-- Record excerpts follows --

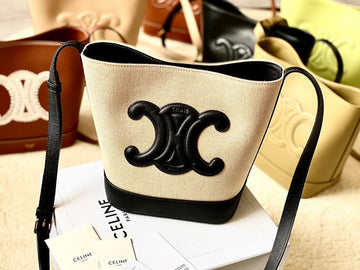Top Quality Chanel Bag New Arrival Luxury Bag - 824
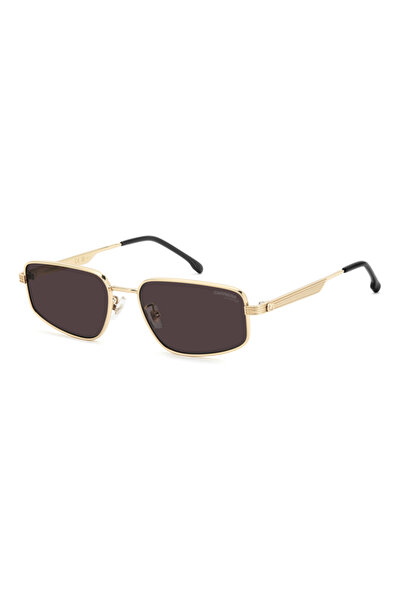 Carrera 3087/S - 00056K2 - 26C - 56 Kadın Güneş Gözlüğü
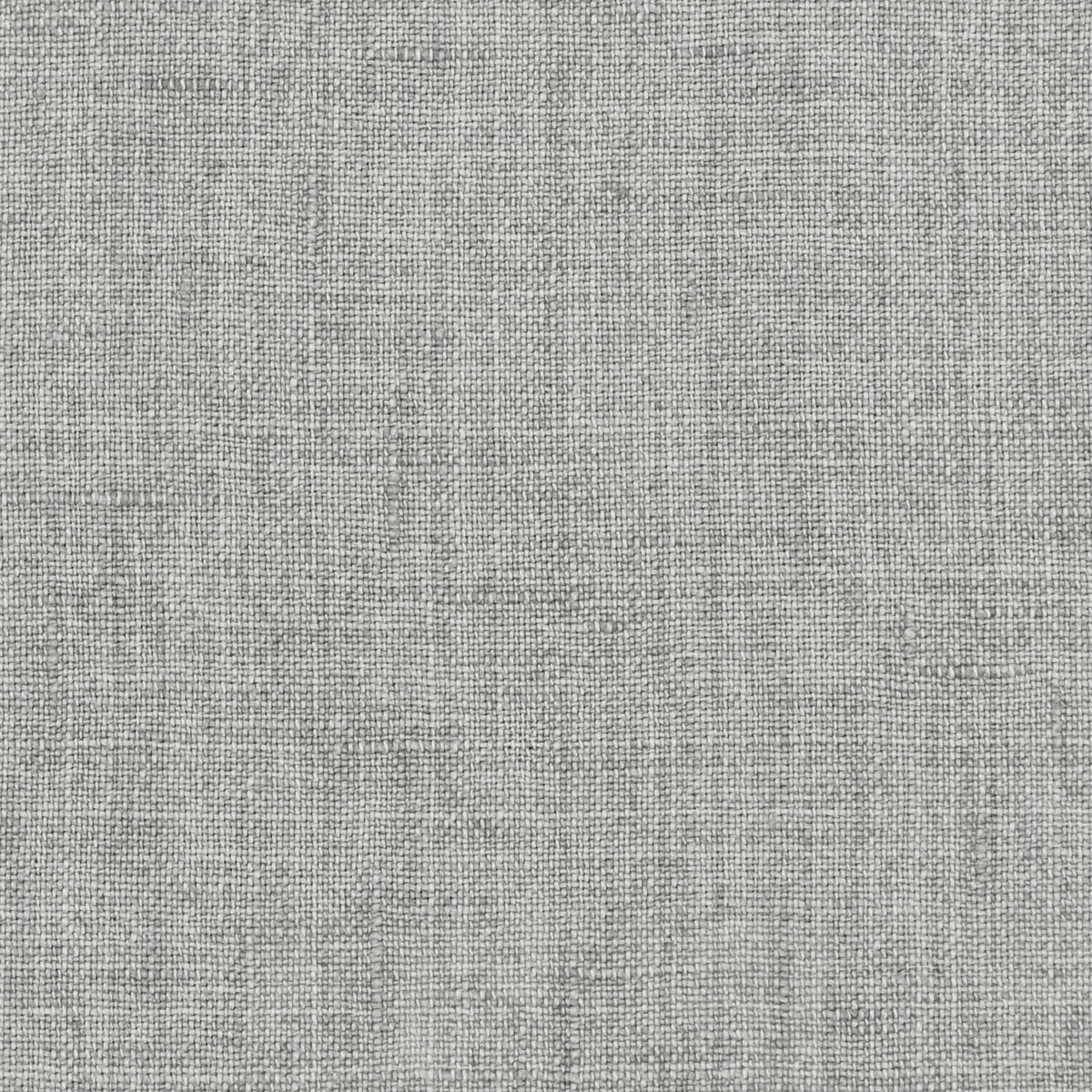 The ReBorn House TRH2284 Fabric, colorway TRH2284.E - solid in neutral, green, white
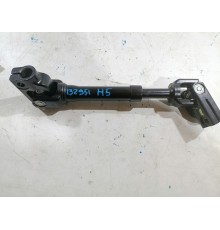 Карданчик рулевой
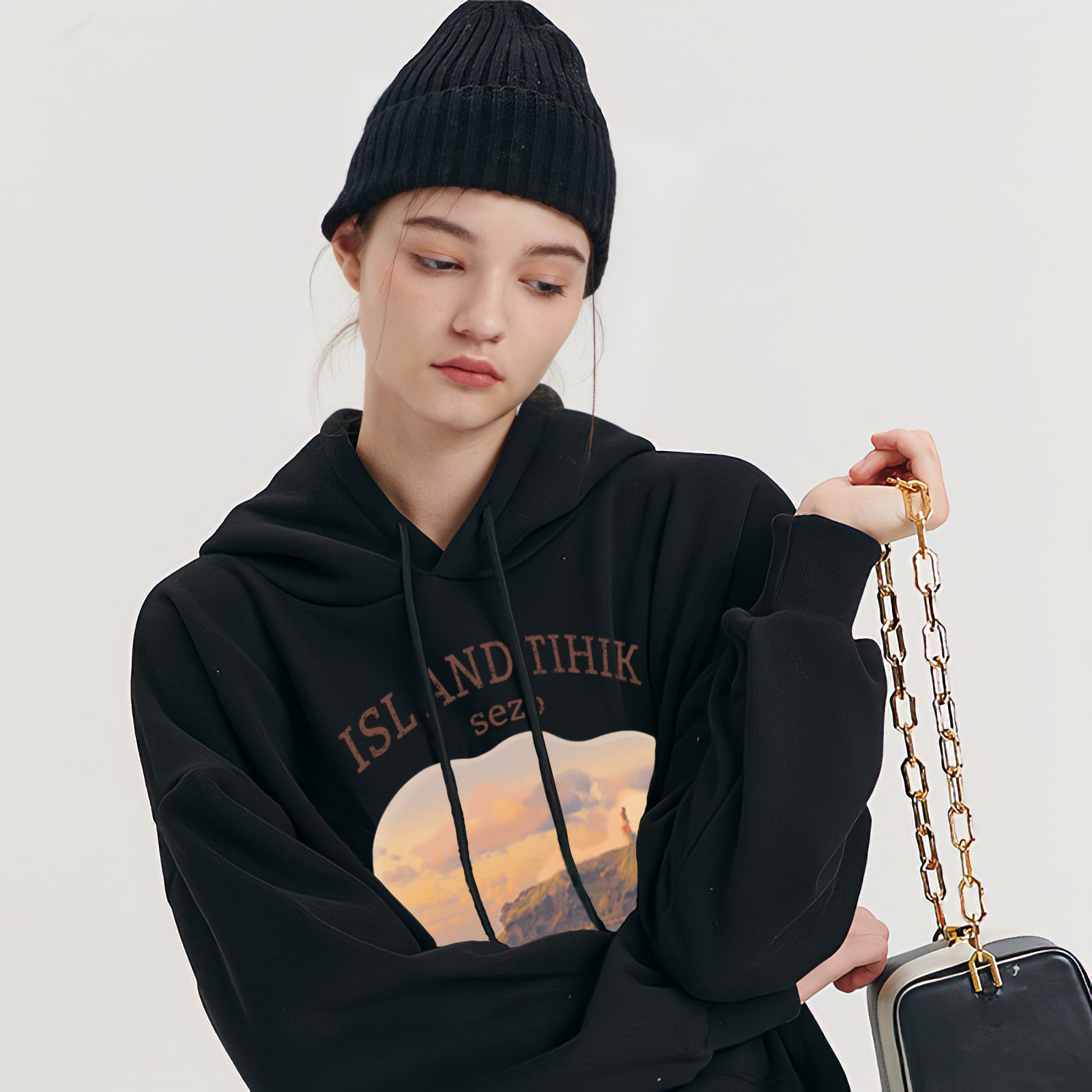 微信图片_20220813112112++打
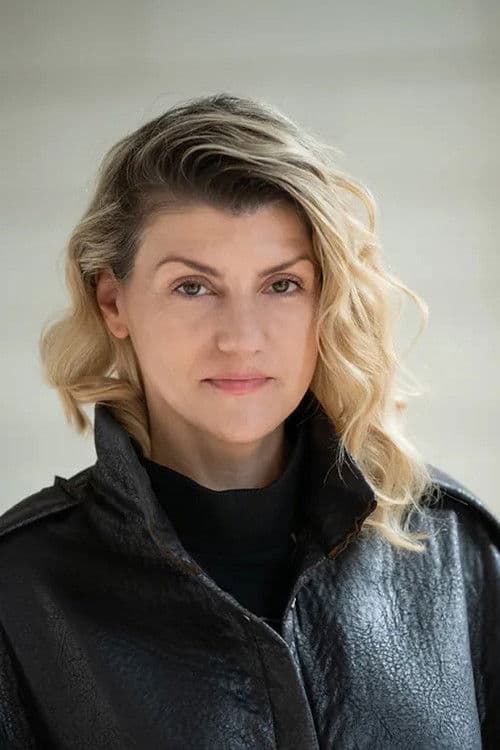 Jelena Kordić profile photo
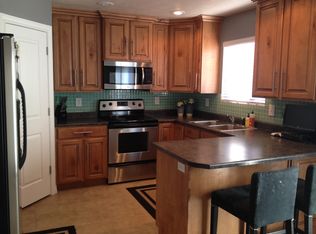 102 E 7320 S, Midvale, UT 84047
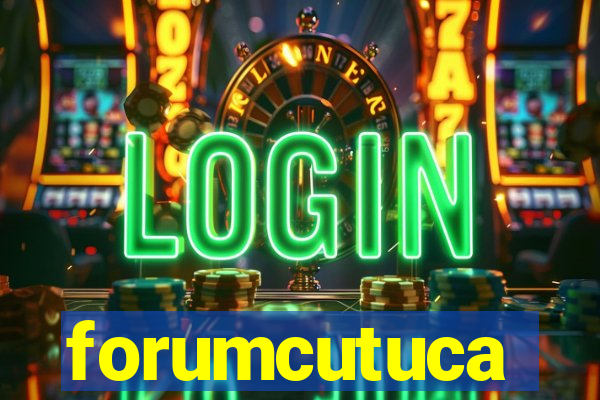 forumcutuca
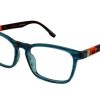 Eyeglasses New Balance Kids | New Balance Kids Nbk 5048 Eyeglasses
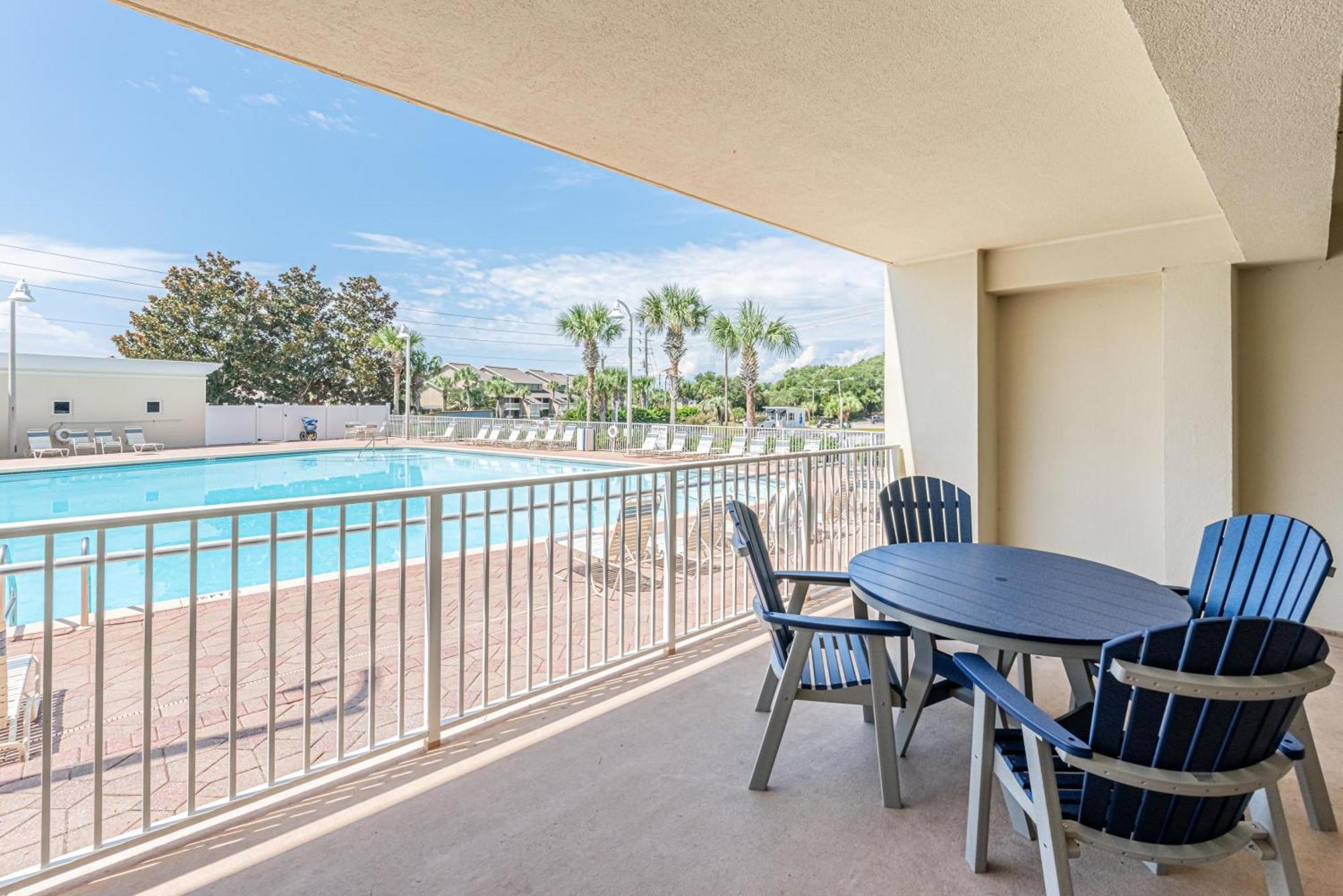 Ariel Dunes Ii 109 * Destin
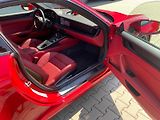 Porsche 911 (2025) GTS RED/RED LIFT-PANO-MAX - náhled 10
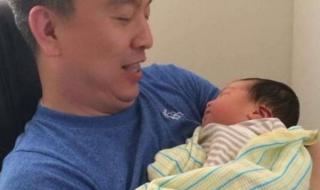 张泽群简历 张泽群简历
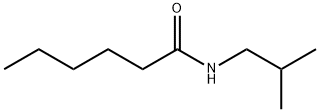 64075-37-2 structural image
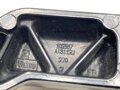 Stěrač sada přední Audi A4 B6 (8E2) 2000 - 2005 8E1955407A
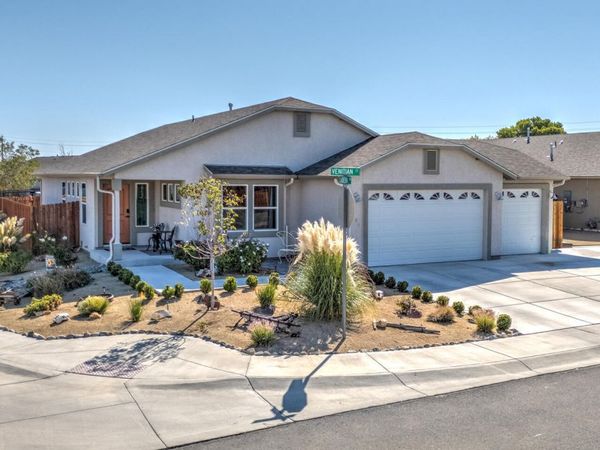 1280 Venitian Court, Fallon, NV 89406
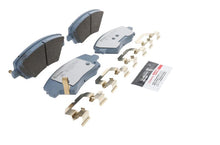 Load image into Gallery viewer, Brembo OE EVPad BrakePad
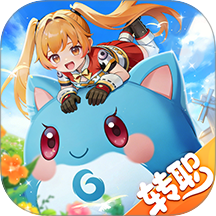 不休的勇士游戏 v1.1.0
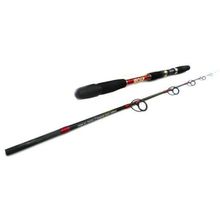 Ryobi Advanced Fight XT 2 Parçalı 155 cm 10-30 Lbs Bot Kamışı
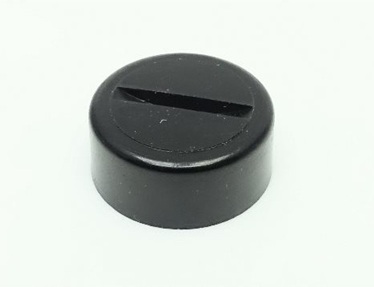 Reservedel Virutex 6018011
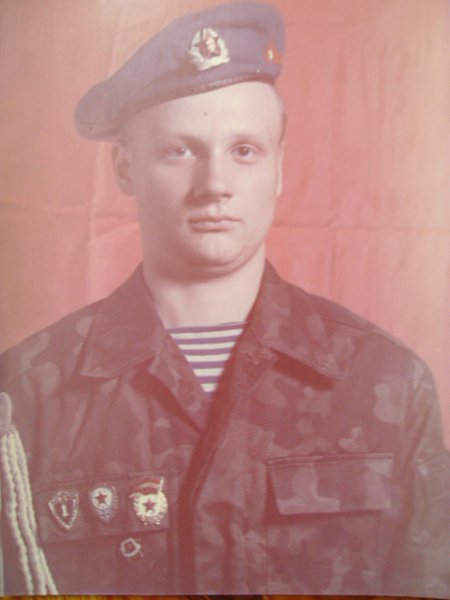 : , 52 ,    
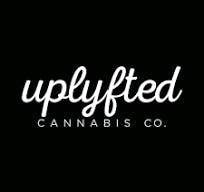 Product: UPLYFTED | CANAL ST. RUNTZ | BULK | INDICA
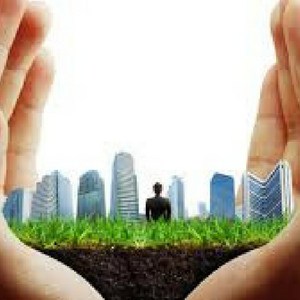 Progetto BESOS: efficienza energetica per le città intelligenti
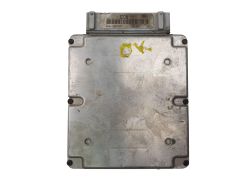 ca2-pk2255eby ca2-pk2255eby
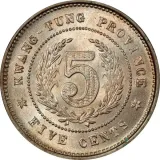 reverse
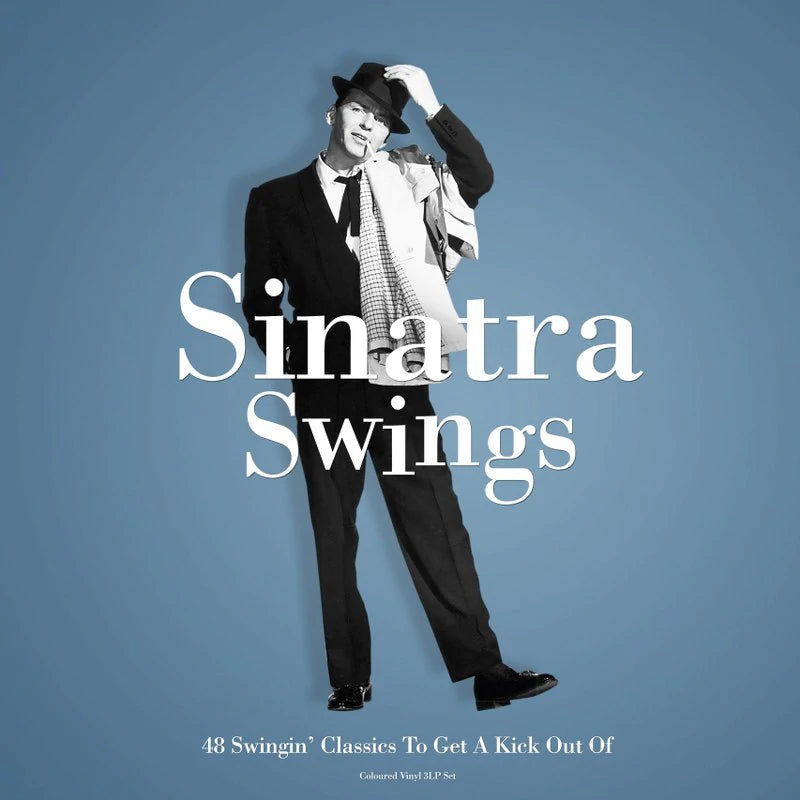 frank-sinatra-sinatra-swings-coloured-lp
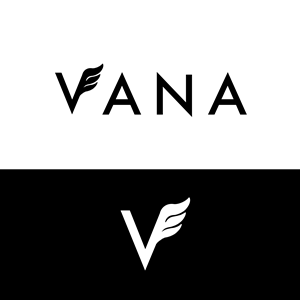 Logo Design by Topi ufo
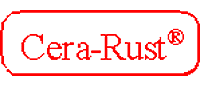 CERAMICA RUSTICA DE OCAÑA, S.L.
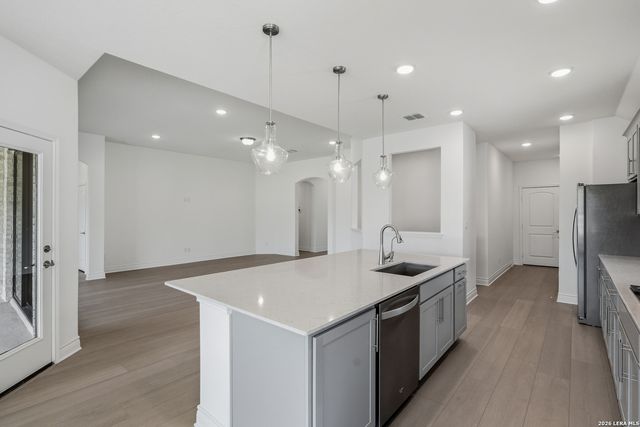 11479 Buffalo Bill, San Antonio, TX 78254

-- Record excerpts concluded --

Reproduce exactly the lines from the beginning of the material down to the line containing "Ariel Dunes Ii 109 * Destin", both ends included, but not the pictures or anything after.

◆ **Completed exercise**:
Top Quality Chanel Bag New Arrival Luxury Bag - 824
 Carrera 3087/S - 00056K2 - 26C - 56 Kadın Güneş Gözlüğü
 The ReBorn House TRH2284 Fabric, colorway TRH2284.E - solid in neutral, green, white
 Карданчик рулевой
 微信图片_20220813112112++打
 Jelena Kordić profile photo
 102 E 7320 S, Midvale, UT 84047
 forumcutuca
 Eyeglasses New Balance Kids | New Balance Kids Nbk 5048 Eyeglasses
 Ariel Dunes Ii 109 * Destin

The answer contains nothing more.